INFORMATION SUPPLIED below:

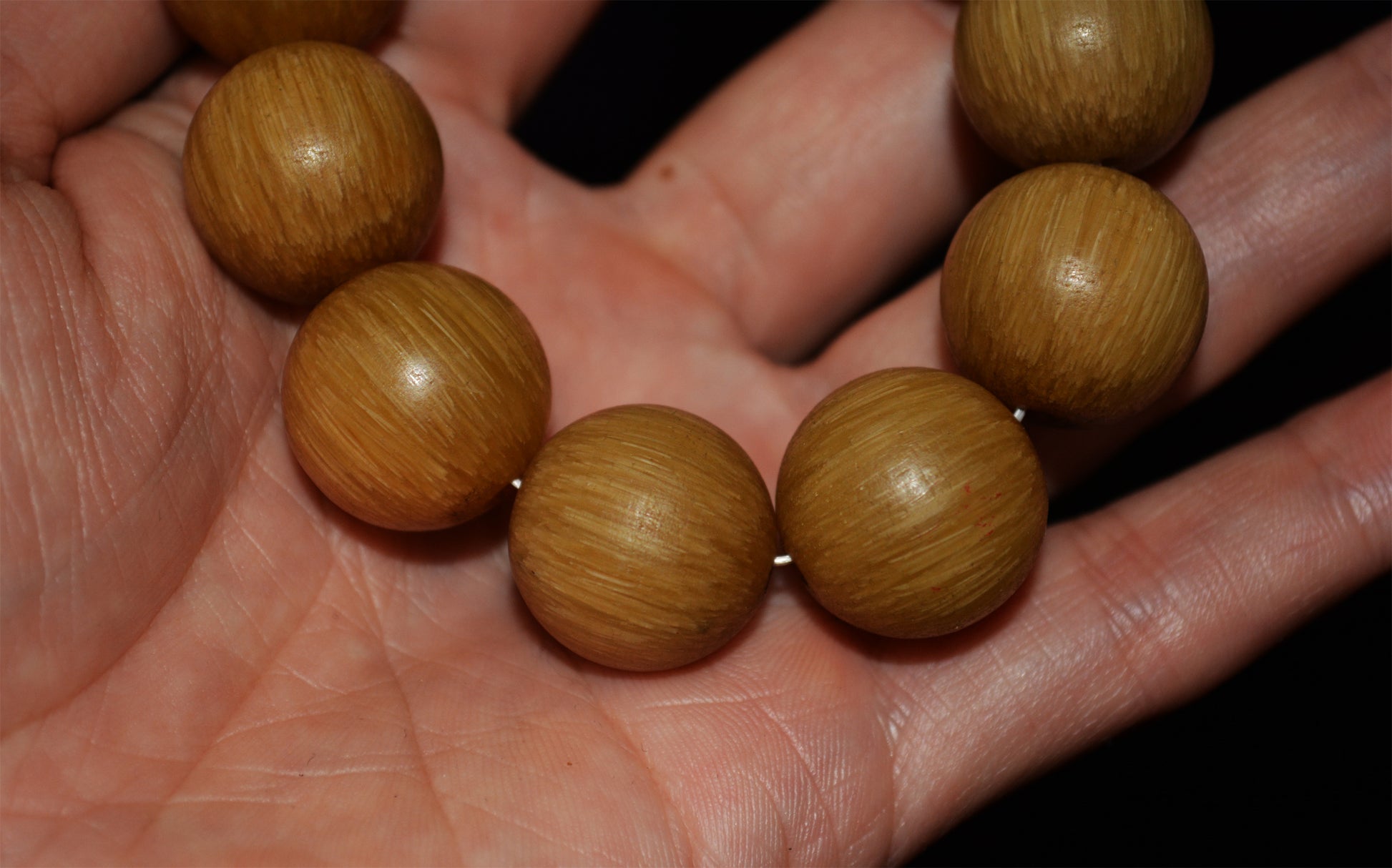 Real Chinese Old Antique Horn Bracelet Mala Prayer Beads Tibetan Genuine Rosary Rare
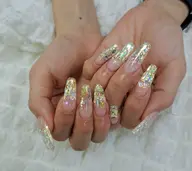 スカルプオーロラフレークネイル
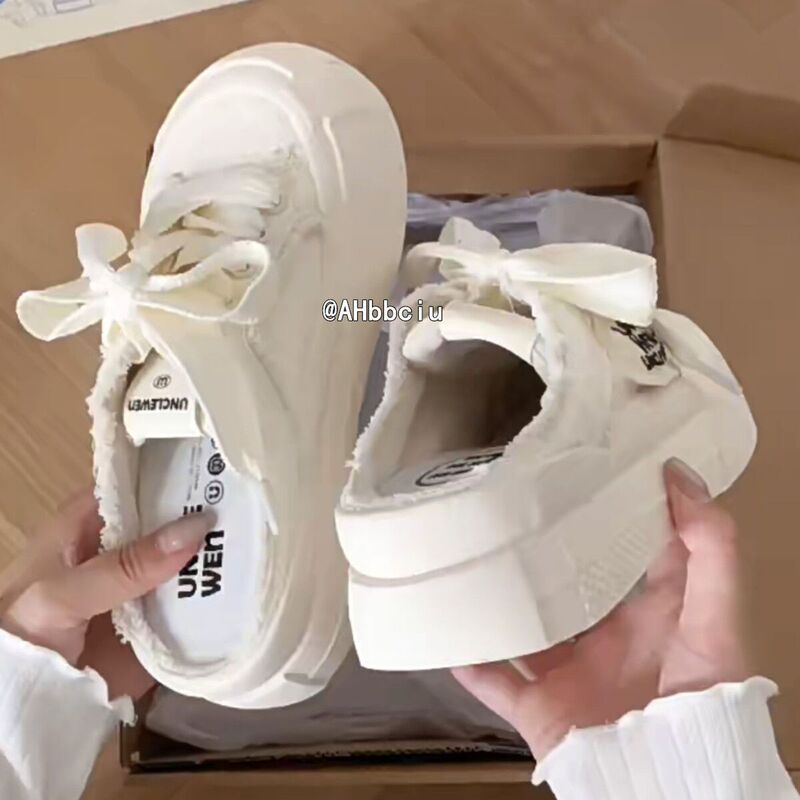 Hot Jia Baotou Half-Slippers Women's Canvas Shoes 2025 New Thick-Soled Round-Toe Breathable Casual Sneakers Large-Toe White Shoes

End of INFORMATION SUPPLIED.

Please set down each line of the data above exactly as written, without the pictures.

 Real Chinese Old Antique Horn Bracelet Mala Prayer Beads Tibetan Genuine Rosary Rare
 スカルプオーロラフレークネイル
 Hot Jia Baotou Half-Slippers Women's Canvas Shoes 2025 New Thick-Soled Round-Toe Breathable Casual Sneakers Large-Toe White Shoes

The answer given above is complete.